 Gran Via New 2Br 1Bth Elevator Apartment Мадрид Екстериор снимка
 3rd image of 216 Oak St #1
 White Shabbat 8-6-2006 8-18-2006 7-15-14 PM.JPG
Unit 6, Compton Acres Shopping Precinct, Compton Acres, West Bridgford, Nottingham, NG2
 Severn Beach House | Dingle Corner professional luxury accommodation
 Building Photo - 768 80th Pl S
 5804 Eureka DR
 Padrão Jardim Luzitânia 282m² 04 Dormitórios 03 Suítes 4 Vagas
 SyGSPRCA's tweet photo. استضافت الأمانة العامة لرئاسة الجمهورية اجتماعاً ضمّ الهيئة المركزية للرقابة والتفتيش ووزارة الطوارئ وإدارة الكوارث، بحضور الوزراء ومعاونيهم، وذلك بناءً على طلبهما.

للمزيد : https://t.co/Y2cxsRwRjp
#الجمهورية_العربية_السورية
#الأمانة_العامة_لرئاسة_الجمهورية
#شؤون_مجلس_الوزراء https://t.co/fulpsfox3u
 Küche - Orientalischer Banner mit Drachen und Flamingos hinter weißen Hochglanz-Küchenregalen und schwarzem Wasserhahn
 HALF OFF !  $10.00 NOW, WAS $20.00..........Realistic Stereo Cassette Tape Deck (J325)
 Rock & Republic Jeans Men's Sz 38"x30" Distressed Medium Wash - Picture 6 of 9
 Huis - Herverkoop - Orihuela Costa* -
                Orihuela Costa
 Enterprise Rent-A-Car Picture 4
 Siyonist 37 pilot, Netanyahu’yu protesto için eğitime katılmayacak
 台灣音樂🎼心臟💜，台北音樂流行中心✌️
..........
» TASK TO COMPLETE: Every record needs to be written out again, exactly as it was given.

» RESPONSE FOR THIS EXERCISE:
 Gran Via New 2Br 1Bth Elevator Apartment Мадрид Екстериор снимка
 3rd image of 216 Oak St #1
 White Shabbat 8-6-2006 8-18-2006 7-15-14 PM.JPG
Unit 6, Compton Acres Shopping Precinct, Compton Acres, West Bridgford, Nottingham, NG2
 Severn Beach House | Dingle Corner professional luxury accommodation
 Building Photo - 768 80th Pl S
 5804 Eureka DR
 Padrão Jardim Luzitânia 282m² 04 Dormitórios 03 Suítes 4 Vagas
 SyGSPRCA's tweet photo. استضافت الأمانة العامة لرئاسة الجمهورية اجتماعاً ضمّ الهيئة المركزية للرقابة والتفتيش ووزارة الطوارئ وإدارة الكوارث، بحضور الوزراء ومعاونيهم، وذلك بناءً على طلبهما.

للمزيد : https://t.co/Y2cxsRwRjp
#الجمهورية_العربية_السورية
#الأمانة_العامة_لرئاسة_الجمهورية
#شؤون_مجلس_الوزراء https://t.co/fulpsfox3u
 Küche - Orientalischer Banner mit Drachen und Flamingos hinter weißen Hochglanz-Küchenregalen und schwarzem Wasserhahn
 HALF OFF !  $10.00 NOW, WAS $20.00..........Realistic Stereo Cassette Tape Deck (J325)
 Rock & Republic Jeans Men's Sz 38"x30" Distressed Medium Wash - Picture 6 of 9
 Huis - Herverkoop - Orihuela Costa* -
                Orihuela Costa
 Enterprise Rent-A-Car Picture 4
 Siyonist 37 pilot, Netanyahu’yu protesto için eğitime katılmayacak
 台灣音樂🎼心臟💜，台北音樂流行中心✌️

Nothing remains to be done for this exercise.